From the entries that follow, list every line in which the string "Edition" appears.

[DATA Boundary: Start]

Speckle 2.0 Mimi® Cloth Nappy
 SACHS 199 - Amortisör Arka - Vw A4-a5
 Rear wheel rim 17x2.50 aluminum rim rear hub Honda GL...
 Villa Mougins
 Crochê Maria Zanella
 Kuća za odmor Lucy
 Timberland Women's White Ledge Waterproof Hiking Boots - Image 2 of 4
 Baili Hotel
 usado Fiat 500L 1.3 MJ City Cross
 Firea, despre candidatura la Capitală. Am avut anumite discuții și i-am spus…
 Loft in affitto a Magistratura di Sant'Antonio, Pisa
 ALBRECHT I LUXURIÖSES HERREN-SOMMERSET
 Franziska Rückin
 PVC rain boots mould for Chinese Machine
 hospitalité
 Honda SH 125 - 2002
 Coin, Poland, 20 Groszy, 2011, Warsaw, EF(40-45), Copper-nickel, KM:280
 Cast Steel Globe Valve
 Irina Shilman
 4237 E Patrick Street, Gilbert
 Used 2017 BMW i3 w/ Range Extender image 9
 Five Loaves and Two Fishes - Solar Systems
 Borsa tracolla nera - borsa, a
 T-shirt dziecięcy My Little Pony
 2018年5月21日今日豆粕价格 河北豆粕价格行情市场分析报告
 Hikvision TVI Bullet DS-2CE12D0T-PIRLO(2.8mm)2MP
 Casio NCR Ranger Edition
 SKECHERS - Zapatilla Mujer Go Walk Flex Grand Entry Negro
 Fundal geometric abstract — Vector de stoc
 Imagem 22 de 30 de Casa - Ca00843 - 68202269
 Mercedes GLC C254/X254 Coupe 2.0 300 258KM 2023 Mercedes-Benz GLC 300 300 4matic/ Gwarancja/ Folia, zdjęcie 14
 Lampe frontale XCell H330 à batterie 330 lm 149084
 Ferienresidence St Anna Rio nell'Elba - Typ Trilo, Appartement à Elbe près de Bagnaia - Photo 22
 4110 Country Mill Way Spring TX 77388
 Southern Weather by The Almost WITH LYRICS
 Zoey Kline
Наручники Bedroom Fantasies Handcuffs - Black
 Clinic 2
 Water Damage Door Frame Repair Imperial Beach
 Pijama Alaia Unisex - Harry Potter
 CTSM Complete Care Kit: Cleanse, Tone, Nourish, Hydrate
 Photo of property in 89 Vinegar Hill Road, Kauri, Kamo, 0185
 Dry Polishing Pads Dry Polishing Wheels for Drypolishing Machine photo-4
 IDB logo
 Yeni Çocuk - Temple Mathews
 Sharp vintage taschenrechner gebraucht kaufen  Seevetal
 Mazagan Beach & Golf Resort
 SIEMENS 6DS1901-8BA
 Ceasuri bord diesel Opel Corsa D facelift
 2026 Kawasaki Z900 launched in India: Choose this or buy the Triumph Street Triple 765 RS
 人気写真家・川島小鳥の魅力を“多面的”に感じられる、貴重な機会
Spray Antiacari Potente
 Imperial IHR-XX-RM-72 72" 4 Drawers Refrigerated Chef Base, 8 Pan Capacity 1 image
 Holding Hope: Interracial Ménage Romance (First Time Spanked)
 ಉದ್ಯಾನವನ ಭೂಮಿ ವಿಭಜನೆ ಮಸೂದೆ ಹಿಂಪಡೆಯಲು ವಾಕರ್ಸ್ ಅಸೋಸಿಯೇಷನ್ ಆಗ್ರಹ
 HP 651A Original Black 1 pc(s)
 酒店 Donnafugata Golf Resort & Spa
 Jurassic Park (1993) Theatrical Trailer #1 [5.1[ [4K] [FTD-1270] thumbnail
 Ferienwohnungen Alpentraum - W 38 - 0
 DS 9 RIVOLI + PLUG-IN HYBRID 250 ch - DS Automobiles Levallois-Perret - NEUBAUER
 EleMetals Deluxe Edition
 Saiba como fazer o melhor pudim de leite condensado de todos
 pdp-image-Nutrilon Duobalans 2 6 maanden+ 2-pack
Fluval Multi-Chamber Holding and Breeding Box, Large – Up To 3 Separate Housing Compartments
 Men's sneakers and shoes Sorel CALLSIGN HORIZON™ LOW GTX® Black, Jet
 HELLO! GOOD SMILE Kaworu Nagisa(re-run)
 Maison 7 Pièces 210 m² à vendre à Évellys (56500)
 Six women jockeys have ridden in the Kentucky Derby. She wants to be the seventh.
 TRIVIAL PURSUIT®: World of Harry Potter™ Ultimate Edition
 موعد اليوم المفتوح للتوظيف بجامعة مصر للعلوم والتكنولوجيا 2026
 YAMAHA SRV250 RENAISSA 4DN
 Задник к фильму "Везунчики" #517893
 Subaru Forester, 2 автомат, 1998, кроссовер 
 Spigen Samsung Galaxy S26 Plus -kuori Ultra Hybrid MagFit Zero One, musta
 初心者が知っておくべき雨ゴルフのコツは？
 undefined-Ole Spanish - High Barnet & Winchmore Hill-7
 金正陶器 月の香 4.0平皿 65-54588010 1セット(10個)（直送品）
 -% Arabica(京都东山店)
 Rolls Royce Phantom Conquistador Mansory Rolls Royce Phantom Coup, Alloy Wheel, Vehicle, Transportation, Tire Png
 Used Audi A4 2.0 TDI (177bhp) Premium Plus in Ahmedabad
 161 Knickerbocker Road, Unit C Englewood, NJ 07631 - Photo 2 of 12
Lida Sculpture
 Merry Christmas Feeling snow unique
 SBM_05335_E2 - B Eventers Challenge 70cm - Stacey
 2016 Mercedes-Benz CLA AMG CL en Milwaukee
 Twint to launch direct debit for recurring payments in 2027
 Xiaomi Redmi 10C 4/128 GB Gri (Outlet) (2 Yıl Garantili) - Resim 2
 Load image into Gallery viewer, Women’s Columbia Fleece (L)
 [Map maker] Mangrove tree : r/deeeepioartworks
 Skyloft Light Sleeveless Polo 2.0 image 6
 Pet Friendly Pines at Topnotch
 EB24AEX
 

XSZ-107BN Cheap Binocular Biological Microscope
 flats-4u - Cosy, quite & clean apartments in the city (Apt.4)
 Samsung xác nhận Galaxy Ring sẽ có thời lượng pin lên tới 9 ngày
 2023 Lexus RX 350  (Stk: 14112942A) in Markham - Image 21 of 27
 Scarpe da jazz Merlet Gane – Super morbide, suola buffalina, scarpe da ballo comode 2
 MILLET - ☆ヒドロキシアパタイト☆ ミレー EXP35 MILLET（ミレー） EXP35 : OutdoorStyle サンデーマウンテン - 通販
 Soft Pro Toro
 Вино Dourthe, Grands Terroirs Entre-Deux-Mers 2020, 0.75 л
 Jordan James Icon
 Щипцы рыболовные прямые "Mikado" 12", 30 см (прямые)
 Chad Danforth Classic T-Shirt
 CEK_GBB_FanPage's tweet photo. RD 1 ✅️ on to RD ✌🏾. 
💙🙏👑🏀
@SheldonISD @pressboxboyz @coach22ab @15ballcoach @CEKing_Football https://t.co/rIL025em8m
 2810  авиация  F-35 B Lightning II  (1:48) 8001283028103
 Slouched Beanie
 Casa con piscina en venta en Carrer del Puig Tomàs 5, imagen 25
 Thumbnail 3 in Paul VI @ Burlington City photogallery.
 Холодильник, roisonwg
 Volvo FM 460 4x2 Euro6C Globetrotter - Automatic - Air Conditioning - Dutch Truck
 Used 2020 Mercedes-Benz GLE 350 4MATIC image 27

[DATA Boundary: End]

(SOLUTION TO THIS EXERCISE)
 Casio NCR Ranger Edition
 EleMetals Deluxe Edition
 TRIVIAL PURSUIT®: World of Harry Potter™ Ultimate Edition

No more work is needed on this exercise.